Aspirar a más.
Lo único que una chica tan simple como yo quiere es aspirar a más. Ser más guapa. Ser más alta. Ser más lista. Tener el pelo más largo. Tener más pretendientes. Tener amigos por todo el mundo. Tener más curvas. Tener más ropa. Tener más y más y más.
Todas aspiramos a princesas, todas lo intentamos y sólo las valientes lo consiguen. O eso parece. Las personas cambiamos , más o menos, tarde o temprano, pero lo hacemos al fin de al cabo. Y todas tenemos una chica que nos llama la atención, a quién admiramos en secreto y copiamos notablemente. Pero lo que nunca nos imaginamos es que esa chica seguro que también aspira a más. Nadie quiere ser como nadie pero a todas nos gusta la misma música o parecida. Nadie quiere llevar el mismo vestido que nadie en ninguna fiesta pero todas tenemos los mismos zapatos y vaqueros. Todas quieren ser únicas pero todas son princesitas. Yo, en este caso, no. Me cansé de intentar ser algo que ya no soy, de fingir que me gusta ir de fiesta.. NO, NO ME GUSTA. Parece que no, pero beber es la más moda de todas. Yo... nunca he visto a princesas con chandal. Ni con un moño todas las mañanas. Ni con ojeras. Ni con lágrimas en los ojos por cualquier motivo que no sea su príncipe. Ni con la boca llena de chocolate. Ni con madres buenas.
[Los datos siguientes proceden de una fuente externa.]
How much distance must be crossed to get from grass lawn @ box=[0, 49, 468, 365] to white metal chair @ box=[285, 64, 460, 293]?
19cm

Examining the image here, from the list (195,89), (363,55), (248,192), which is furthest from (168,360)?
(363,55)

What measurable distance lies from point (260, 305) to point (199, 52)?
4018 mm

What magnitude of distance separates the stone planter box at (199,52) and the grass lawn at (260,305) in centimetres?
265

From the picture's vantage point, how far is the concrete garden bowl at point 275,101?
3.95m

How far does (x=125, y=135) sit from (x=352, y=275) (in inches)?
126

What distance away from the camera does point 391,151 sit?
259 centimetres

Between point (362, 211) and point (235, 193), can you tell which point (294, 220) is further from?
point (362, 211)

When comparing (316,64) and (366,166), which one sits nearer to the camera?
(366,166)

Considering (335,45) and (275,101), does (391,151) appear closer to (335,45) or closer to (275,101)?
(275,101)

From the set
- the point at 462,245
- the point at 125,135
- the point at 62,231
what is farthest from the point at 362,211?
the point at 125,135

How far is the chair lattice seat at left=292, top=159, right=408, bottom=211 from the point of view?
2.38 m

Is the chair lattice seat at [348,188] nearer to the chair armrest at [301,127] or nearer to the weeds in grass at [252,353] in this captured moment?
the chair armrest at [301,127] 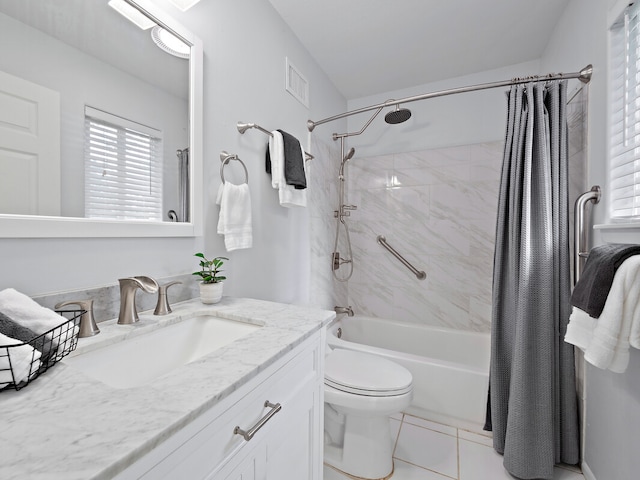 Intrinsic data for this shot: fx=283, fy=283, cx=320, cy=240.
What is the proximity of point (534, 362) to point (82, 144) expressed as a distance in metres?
1.92

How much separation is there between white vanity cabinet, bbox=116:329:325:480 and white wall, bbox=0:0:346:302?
58 cm

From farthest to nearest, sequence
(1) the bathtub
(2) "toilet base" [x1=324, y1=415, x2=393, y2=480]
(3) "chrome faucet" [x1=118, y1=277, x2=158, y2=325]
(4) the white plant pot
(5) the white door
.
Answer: (1) the bathtub < (2) "toilet base" [x1=324, y1=415, x2=393, y2=480] < (4) the white plant pot < (3) "chrome faucet" [x1=118, y1=277, x2=158, y2=325] < (5) the white door

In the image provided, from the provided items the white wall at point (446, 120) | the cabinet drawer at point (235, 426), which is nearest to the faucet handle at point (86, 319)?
the cabinet drawer at point (235, 426)

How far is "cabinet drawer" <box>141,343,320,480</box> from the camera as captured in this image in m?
0.45

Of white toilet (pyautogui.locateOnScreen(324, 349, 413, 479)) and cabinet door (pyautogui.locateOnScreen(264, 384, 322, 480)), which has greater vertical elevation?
cabinet door (pyautogui.locateOnScreen(264, 384, 322, 480))

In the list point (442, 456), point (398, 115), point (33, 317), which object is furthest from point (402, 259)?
point (33, 317)

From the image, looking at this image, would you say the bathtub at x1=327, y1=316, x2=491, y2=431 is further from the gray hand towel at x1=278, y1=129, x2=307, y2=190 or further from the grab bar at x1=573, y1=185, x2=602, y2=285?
the gray hand towel at x1=278, y1=129, x2=307, y2=190

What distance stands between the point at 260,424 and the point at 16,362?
0.44m

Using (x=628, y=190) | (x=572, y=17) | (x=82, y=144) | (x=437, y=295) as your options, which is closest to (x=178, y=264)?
(x=82, y=144)

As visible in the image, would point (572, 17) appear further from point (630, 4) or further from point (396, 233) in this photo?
point (396, 233)

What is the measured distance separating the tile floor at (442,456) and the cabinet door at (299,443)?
0.61 m

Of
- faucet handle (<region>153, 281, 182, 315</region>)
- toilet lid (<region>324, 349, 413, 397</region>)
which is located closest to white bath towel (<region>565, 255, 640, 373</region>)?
toilet lid (<region>324, 349, 413, 397</region>)

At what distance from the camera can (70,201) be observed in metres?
0.77

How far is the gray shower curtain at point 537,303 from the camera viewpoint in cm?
128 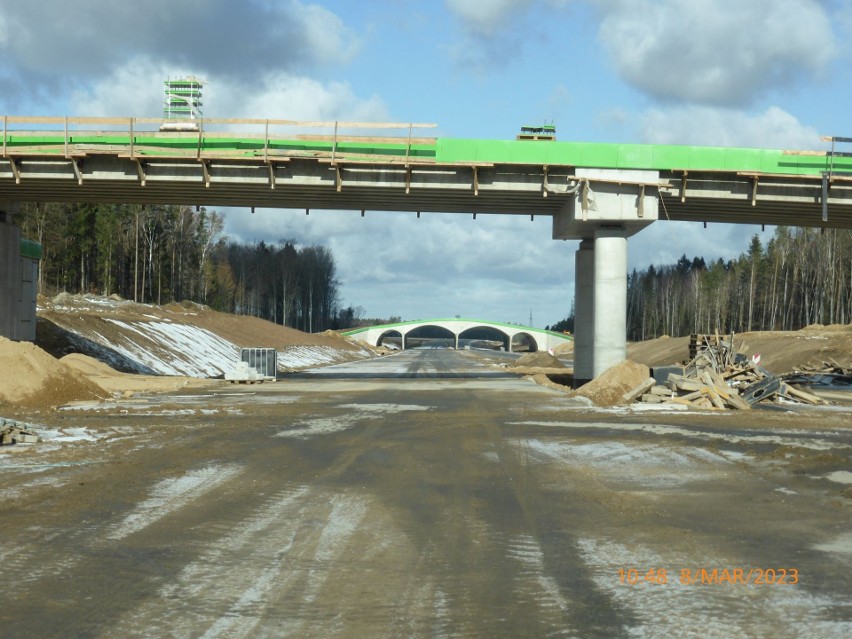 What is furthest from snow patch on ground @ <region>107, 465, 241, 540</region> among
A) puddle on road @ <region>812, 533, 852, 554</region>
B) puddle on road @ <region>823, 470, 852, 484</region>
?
puddle on road @ <region>823, 470, 852, 484</region>

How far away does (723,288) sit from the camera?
13550 centimetres

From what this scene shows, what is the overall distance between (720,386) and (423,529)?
19859mm

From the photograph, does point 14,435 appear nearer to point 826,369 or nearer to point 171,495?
point 171,495

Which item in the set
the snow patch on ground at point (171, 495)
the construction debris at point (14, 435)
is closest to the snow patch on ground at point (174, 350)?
the construction debris at point (14, 435)

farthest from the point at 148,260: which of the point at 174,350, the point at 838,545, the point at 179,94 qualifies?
the point at 838,545

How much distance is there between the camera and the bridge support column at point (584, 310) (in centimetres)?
3797

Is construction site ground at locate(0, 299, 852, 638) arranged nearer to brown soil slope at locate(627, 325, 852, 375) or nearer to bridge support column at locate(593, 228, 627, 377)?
bridge support column at locate(593, 228, 627, 377)

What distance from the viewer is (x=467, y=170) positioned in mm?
33750

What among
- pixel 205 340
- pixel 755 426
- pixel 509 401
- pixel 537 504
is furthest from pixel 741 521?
pixel 205 340

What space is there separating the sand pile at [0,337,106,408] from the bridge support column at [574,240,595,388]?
2008 centimetres

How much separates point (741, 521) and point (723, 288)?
436 ft

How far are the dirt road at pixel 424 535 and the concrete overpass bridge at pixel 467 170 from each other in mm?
16364

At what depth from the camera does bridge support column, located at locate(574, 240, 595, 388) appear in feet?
125

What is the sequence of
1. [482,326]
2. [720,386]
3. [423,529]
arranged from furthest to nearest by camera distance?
1. [482,326]
2. [720,386]
3. [423,529] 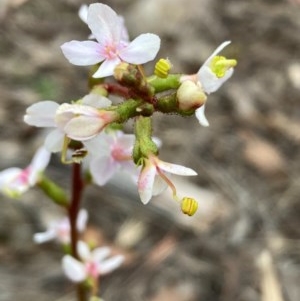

Porque no, jamás he visto a una rana convertirse en príncipe. Y jamás, pasará.

2 comentarios:
Preciosa reflexión, me he sentido más y más identificada a medida que iba leyendo. Sigue escribiendo verdades y llegaras a mucha gente que disfrutará leyendote.
L.
Perfecta entrada Beatriz, puede que muchos tengan talento pero tu les superas a todos.
Lucha por tus sueños y si ser escritora es uno de ellos con más razon, llegaras a ser muy grande.